◆ **WHAT YOU WILL DO**
Only the lines from the start of the data through the line with "kids aged 2-7)" belong in the copy. Restate them word for word, minus the pictures.

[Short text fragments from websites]
□ □ □ □ □ □ □

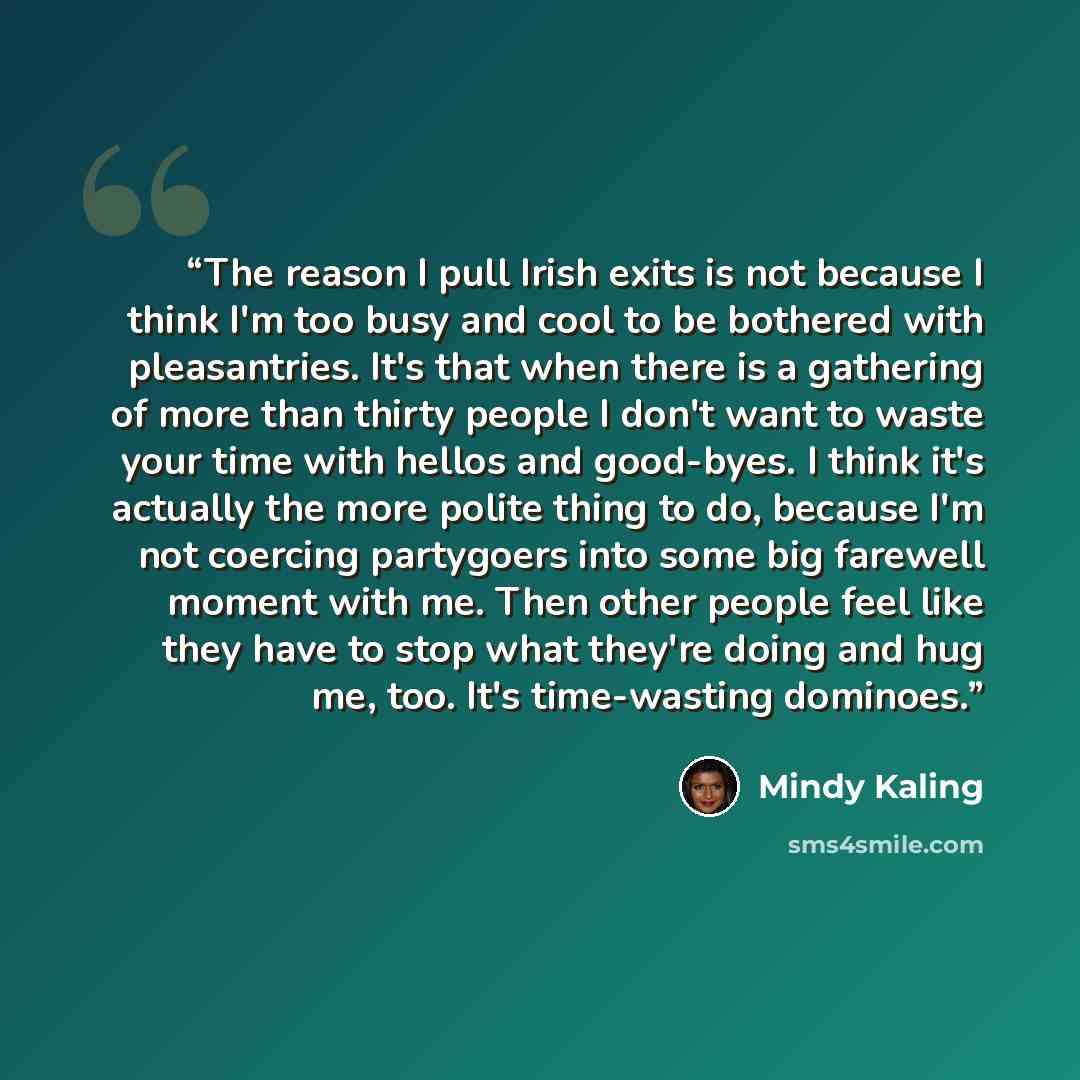 “The reason I pull Irish exits is not because I think I'm too busy and cool to be bothered with pleasantries. It's that when there is a gathering of more than thirty people I don't want to waste your time with hellos and good-byes. I think it's actually the more polite thing to do, because I'm not…” quote by Mindy Kaling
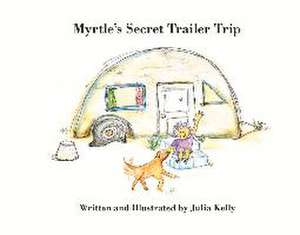 Myrtle's Secret Trailer Trip de Julia Kelly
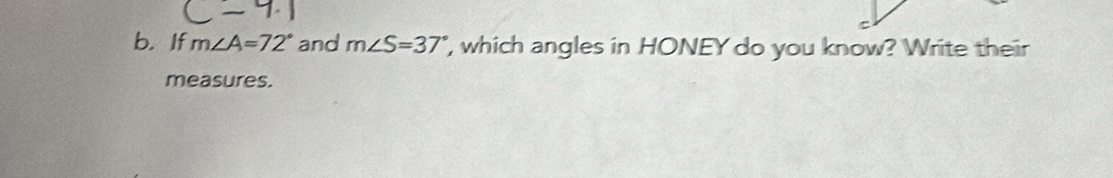 If m∠ A=72° and m∠ S=37° ', which angles in HONEY do you know? Write their 
measures.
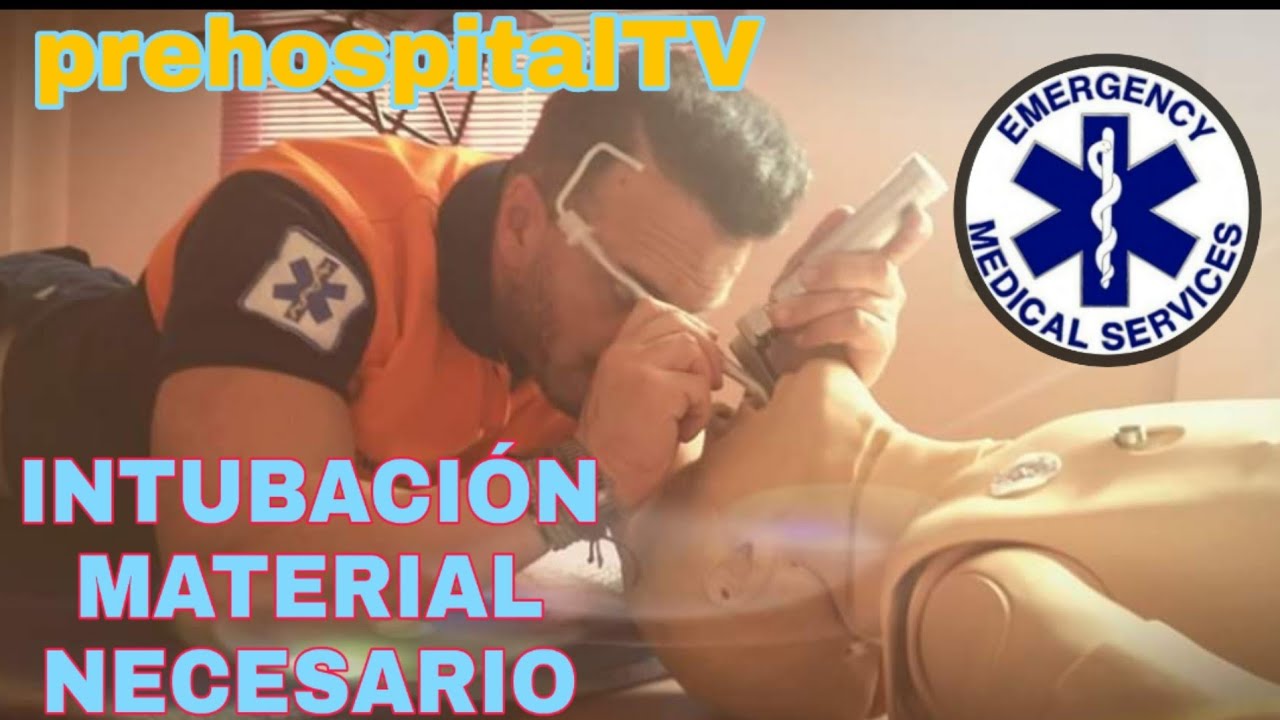 INTUBACION : MATERIAL NECESARIO
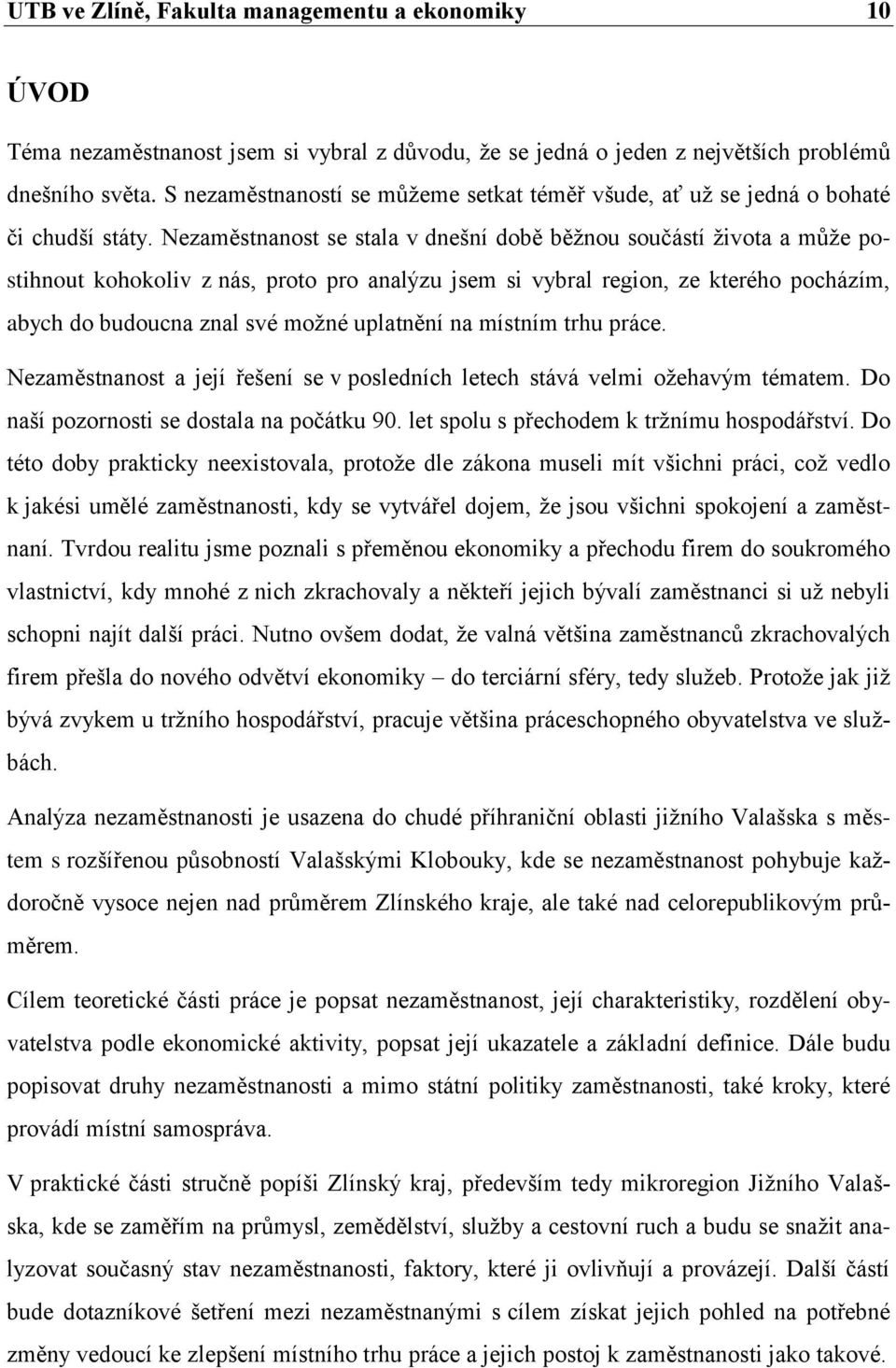 Nezaměstnanost se stala v dnešní době běţnou součástí ţivota a můţe postihnout kohokoliv z nás, proto pro analýzu jsem si vybral region, ze kterého pocházím, abych do budoucna znal své moţné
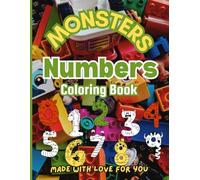 "My First Counting Adventure with Cute Monsters": "Learn numbers 1 to 10 with adorable, friendly monsters! Color, count, and have fun while developing ... Letters, Numbers & Words kids aged 2-7)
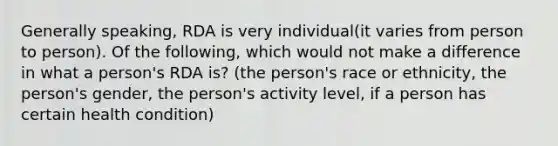 Generally speaking, RDA is very individual(it varies from person to person). Of the following, which would not make a difference in what a person's RDA is? (the person's race or ethnicity, the person's gender, the person's activity level, if a person has certain health condition)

□ □ □ □ □ □ □

◆ **EXERCISE ANSWER**
 “The reason I pull Irish exits is not because I think I'm too busy and cool to be bothered with pleasantries. It's that when there is a gathering of more than thirty people I don't want to waste your time with hellos and good-byes. I think it's actually the more polite thing to do, because I'm not…” quote by Mindy Kaling
 Myrtle's Secret Trailer Trip de Julia Kelly
 If m∠ A=72° and m∠ S=37° ', which angles in HONEY do you know? Write their 
measures.
 INTUBACION : MATERIAL NECESARIO
 Nezaměstnanost se stala v dnešní době běţnou součástí ţivota a můţe postihnout kohokoliv z nás, proto pro analýzu jsem si vybral region, ze kterého pocházím, abych do budoucna znal své moţné
 "My First Counting Adventure with Cute Monsters": "Learn numbers 1 to 10 with adorable, friendly monsters! Color, count, and have fun while developing ... Letters, Numbers & Words kids aged 2-7)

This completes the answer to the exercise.